Ambrose Gwinnett Bierce (June 24, 1842 – circa 1914) was an American short story writer, journalist, poet, and Civil War veteran.

Bierce's book The Devil's Dictionary was named as one of "The 100 Greatest Masterpieces of American Literature" by the American Revolution Bicentennial Administration. His story "An Occurrence at Owl Creek Bridge" has been described as "one of the most famous and frequently anthologized stories in American literature"; and his book Tales of Soldiers and Civilians (also published as In the Midst of Life) was named by the Grolier Club as one of the 100 most influential American books printed before 1900.A prolific and versatile writer, Bierce was regarded as one of the most influential journalists in the United States, and as a pioneering writer of realist fiction. For his horror writing, Michael Dirda ranked him alongside Edgar Allan Poe and H. P. Lovecraft.

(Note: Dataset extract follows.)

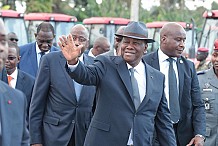 Sara 2019 : Le Président Ouattara remet des machines agricoles à des producteurs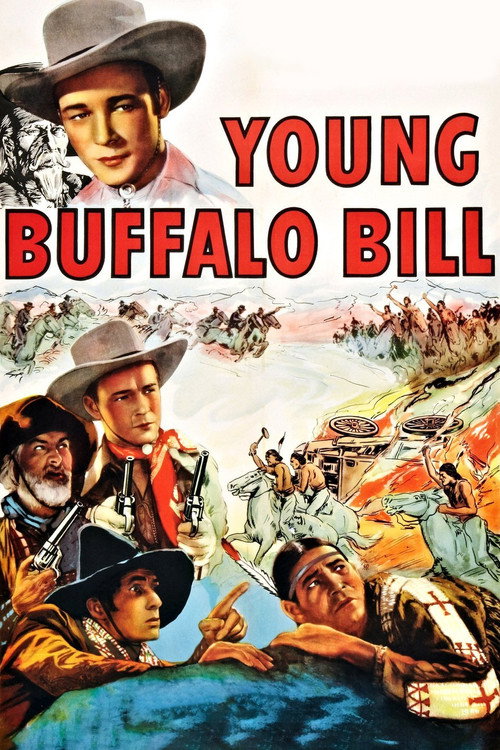 Young Buffalo Bill (1940) movie poster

His war stories influenced Stephen Crane, Ernest Hemingway, and others, and he was considered an influential and feared literary critic. In recent decades Bierce has gained wider respect as a fabulist and for his poetry.In December 1913, Bierce traveled to Chihuahua, Mexico, to gain first-hand experience of the Mexican Revolution. He disappeared, and was rumored to be traveling with rebel troops. He was never seen again.